_AIM OF THE TASK_:
Only one span of the material below is wanted. Output it exactly, from the line with "音声ガイダンスを流して、お客様を誘導したい" through the line with "AutoSpeed 2020 C8", without any pictures.

_DATASET RECORDS_:
• • • •
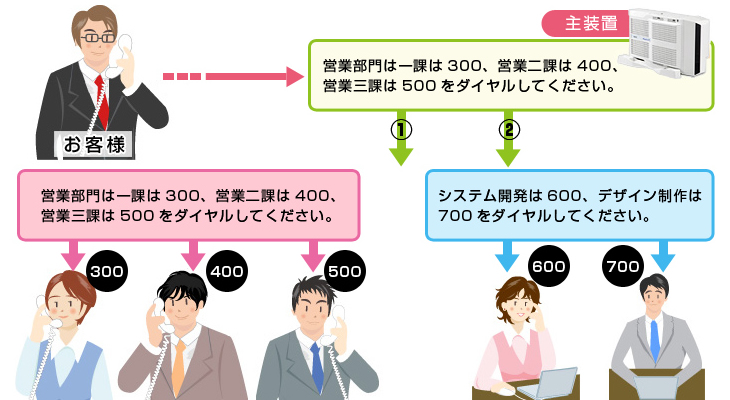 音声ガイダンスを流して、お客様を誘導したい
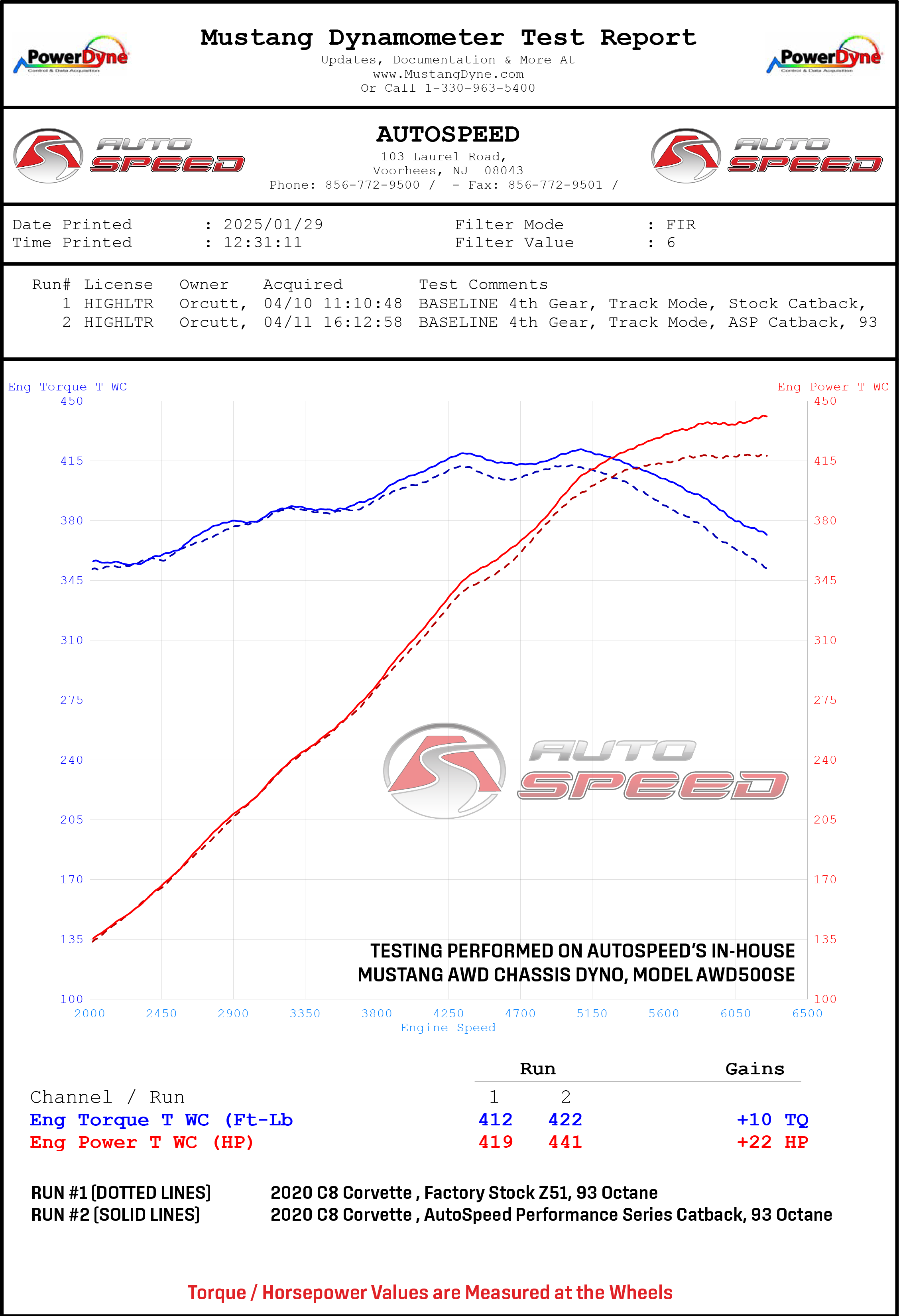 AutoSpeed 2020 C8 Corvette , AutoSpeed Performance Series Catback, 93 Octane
• • • •
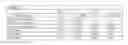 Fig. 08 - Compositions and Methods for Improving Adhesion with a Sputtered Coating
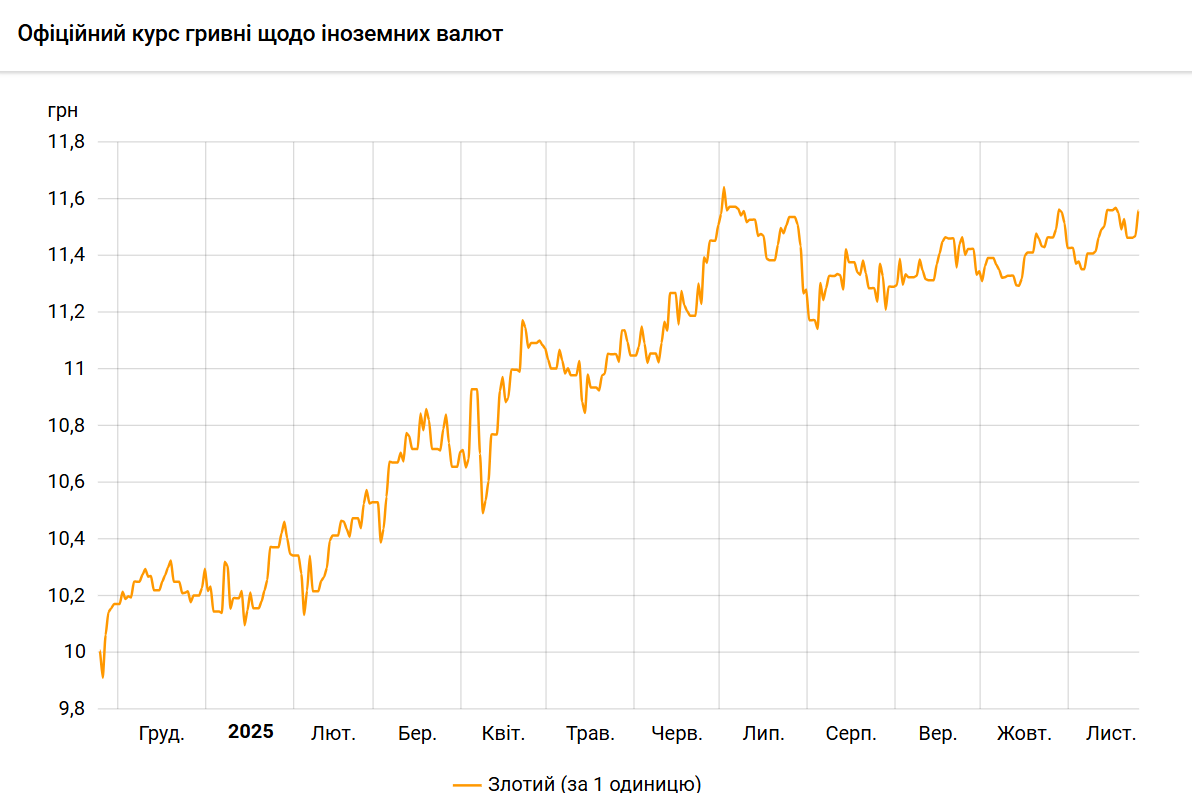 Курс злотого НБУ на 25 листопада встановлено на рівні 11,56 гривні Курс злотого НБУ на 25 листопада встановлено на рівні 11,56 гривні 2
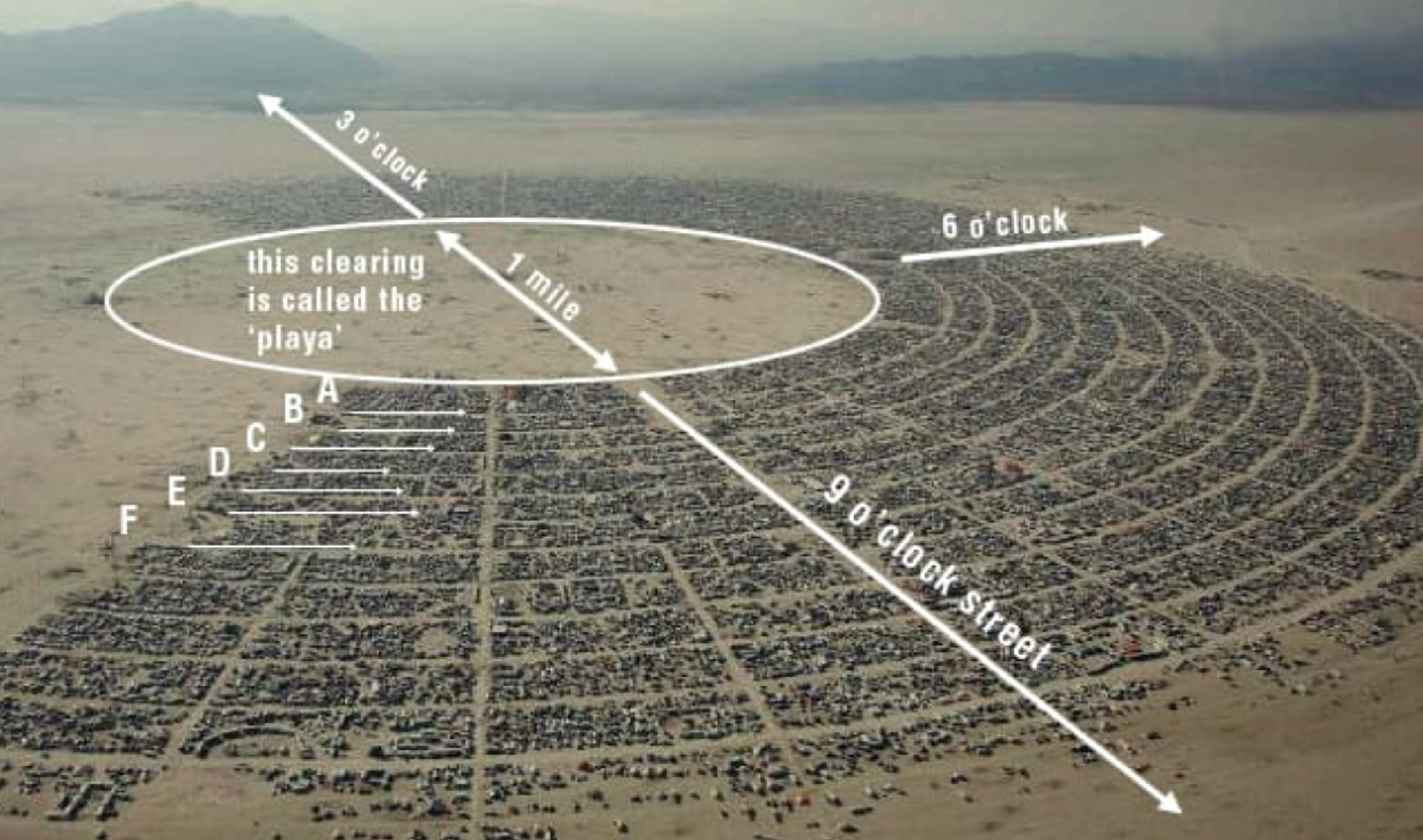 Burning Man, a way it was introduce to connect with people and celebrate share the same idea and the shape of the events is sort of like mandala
• • • •
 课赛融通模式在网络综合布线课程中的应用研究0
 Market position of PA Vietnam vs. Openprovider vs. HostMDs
• • • •
_PROBLEM SOLUTION_:
 音声ガイダンスを流して、お客様を誘導したい
 AutoSpeed 2020 C8 Corvette , AutoSpeed Performance Series Catback, 93 Octane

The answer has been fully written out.